# i need an answer QUICKLY!!!



## anna338 (Dec 28, 2007)

Buster, my female guppy is pregnant and looks like she is going to pop! and im worried that she might drop her fry tonight... I dont have a breeder box (i dont like them!) and i dont really want to put the other two guppies in with the platies because they tend to nip there pretty tales, i want to slim the chances of most of the fry being eaten by the adults... I have a normal medium size rectangular mesh net....

Is there anything i can do to help the fry survive (with the net maybe)?

Also would a 4cm bristle nose catfish eat the fry?
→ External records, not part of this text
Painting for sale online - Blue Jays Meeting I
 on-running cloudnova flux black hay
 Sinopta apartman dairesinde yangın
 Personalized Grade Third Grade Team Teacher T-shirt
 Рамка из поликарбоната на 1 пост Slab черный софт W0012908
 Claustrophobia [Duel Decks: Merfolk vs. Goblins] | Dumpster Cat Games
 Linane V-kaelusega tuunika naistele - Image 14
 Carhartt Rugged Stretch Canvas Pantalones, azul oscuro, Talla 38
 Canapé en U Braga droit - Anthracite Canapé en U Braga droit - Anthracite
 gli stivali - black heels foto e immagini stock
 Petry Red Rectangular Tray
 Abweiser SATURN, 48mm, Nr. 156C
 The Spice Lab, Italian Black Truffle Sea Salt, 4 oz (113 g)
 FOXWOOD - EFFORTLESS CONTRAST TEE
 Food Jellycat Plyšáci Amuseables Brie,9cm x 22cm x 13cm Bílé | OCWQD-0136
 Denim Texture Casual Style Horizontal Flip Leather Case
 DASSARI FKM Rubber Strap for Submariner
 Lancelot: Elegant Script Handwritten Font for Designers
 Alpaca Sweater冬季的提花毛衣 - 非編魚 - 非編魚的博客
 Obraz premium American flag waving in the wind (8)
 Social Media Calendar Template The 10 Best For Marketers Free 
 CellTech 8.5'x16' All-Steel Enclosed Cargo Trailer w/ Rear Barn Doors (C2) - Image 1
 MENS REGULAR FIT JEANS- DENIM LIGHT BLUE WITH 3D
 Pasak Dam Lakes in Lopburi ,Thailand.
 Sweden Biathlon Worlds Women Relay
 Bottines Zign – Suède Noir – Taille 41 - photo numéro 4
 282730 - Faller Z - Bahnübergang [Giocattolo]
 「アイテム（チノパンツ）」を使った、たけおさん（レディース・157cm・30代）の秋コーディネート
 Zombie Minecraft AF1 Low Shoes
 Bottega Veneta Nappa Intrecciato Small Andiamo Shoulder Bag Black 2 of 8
And is it true when the mother gives birth she goes through a phase were she isnt hungry? <---- i have heard alot of yes and no's to that question :x ...


----------



## SueM (Jan 23, 2004)

Is there anything i can do to help the fry survive (with the net maybe)?
Yes, toss it in, anchor some to the bottom, but let it travel & float to the top, when live bearers are first born, they need to go to the top asap to fill their air bladders, so give them a way out.

Also would a 4cm bristle nose catfish eat the fry?
No
And is it true when the mother gives birth she goes through a phase were she isn't hungry?
Yes, and she also finds a more hidden spot to have her babies, this gives them a little more of a chance. But the "not hungry" stage only lasts as long as her child birth, so the more outs you give the fry the better.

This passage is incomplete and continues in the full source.